Kâinat denklemiyle tüm insanlık
sorumlu iken yaşam alanlarındaki ilişkilere yansıyan ölçü ve tartıya baktığımız
da nefisler öyle zebunlaşmış ki, kendi çıkarından başkasının hakkı yokmuş gibi
davranmayı bir marifet biliyor. Aldığında alman gerektiğine inanırsan
verdiğinde senden bir şey gidecekmiş gibi hesap ederek davranırsan, zaten
ölçünün şavktı kaymış demektir. Ölçünün denkleminin bozulduğu ve ölçünün öyle
olduğuna inanıldığı yaşamlarda,o ölçüye göre yapacağınız her türlü tartı zaten
doğruyu tartmayacaktır. Böylesi karmaşık alışkanlıklar üzerine kurulmuş bir
yaşam içinde insanlar birbirlerinin haklarını ne kadar koruyor olabilirler
dersiniz. Böylesi bir yaşam ağında kurulan ilişkilerden sağlıklı bir sonuç asla
bekleyemezsiniz. Her yanı bozuk bir çarktan doğru işler çıkaramazsınız. Onun
için öncelikle hak,hukuk,ölçü,tartı,adalet,ahlak gibi değerlerin evrensel ve
yaratılış tanımına göre yeniden tanımlanması ve ona göre bir yaşam ağı kurmalarını
öğretmek gerekir. Bu kurulduktan sonra belki hayatta yeni kıvılcımlar oluşmaya
başlar. Bu oluşmadan bekleyeceğimiz beklentilerimizin tümü bir hiç olacaktır.

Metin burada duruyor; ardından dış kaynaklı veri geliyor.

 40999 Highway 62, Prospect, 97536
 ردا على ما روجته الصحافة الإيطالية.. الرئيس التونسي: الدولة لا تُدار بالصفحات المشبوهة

Ölçü tek taraflı değildir. Bu anlaşılmadığı zaman hep ölçüler yanlış sonuç
verecektir. Hile ve desiselerin bir hakmış gibi toplumsal yaşamın genetik
dokusunda kök saldığı ortamlar ancak ve ancak ahlaksızlık ve fuhşiyat
üretirler. Toplumsal hastalıkların ve bunlara bağlı oluşan sapkın bireysel
hastalıkların hepsinin temelinde ölçü ve tartının bozulmasının olduğu
bilinmelidir. Bir düşünceyi eleştireyim derken karşınızdakine her türlü
hakareti ve aşağılamayı yaparken bunu eleştiri kabul ettiğiniz bir hak olarak
görüryorsunuz,ancak başkalarının sizin için yaptığı bir eleştiriyi de hakaret
olarak görüp güç elinizde ise onlara yaşamı zehredebiliyorsunuz sonrasında da
adil olduğunuz söyleyerek başka bir ifsatta bulunurken hala dengenin olmasını
beklersiniz. Dengenin kendi ellerinizle bozulduğunu idrak etmediğiniz sürece
ortalığı asla huzura kavuşturamazsınız. Tüm olumsuzluklar denge ve düzenin
bozulmasıyla başlar.
“Ölçüde ve tartıda hile yapanların
vay hâline! Onlar insanlardan (bir şey) ölçüp aldıkları zaman, tam ölçerler.
Fakat kendileri onlara bir şey ölçüp yahut tartıp verdikleri zaman eksik ölçüp tartarlar.
Onlar, büyük bir gün; insanların, âlemlerin Rabbinin huzurunda duracakları gün
için diriltileceklerini sanmıyorlar mı?”
Mutaffifin/1-6
Şunu özellikle belirtmeliyim ki,
Alemlerin Rabbinin huzurunda hesaba duracaklarına inanmayanlar, her türlü ölçü
ve tartıyı bozmada bir sakınca görmezler. Ancak huzuru mahşerde karşılarına
çıkacak küçük bir olumsuzluğun onların yüzünü kızartacağı endişesini taşıyanlar
asla ve kat’a bu dengesizliğe vesile olmazlar ve o konuda çok hassas olurlar.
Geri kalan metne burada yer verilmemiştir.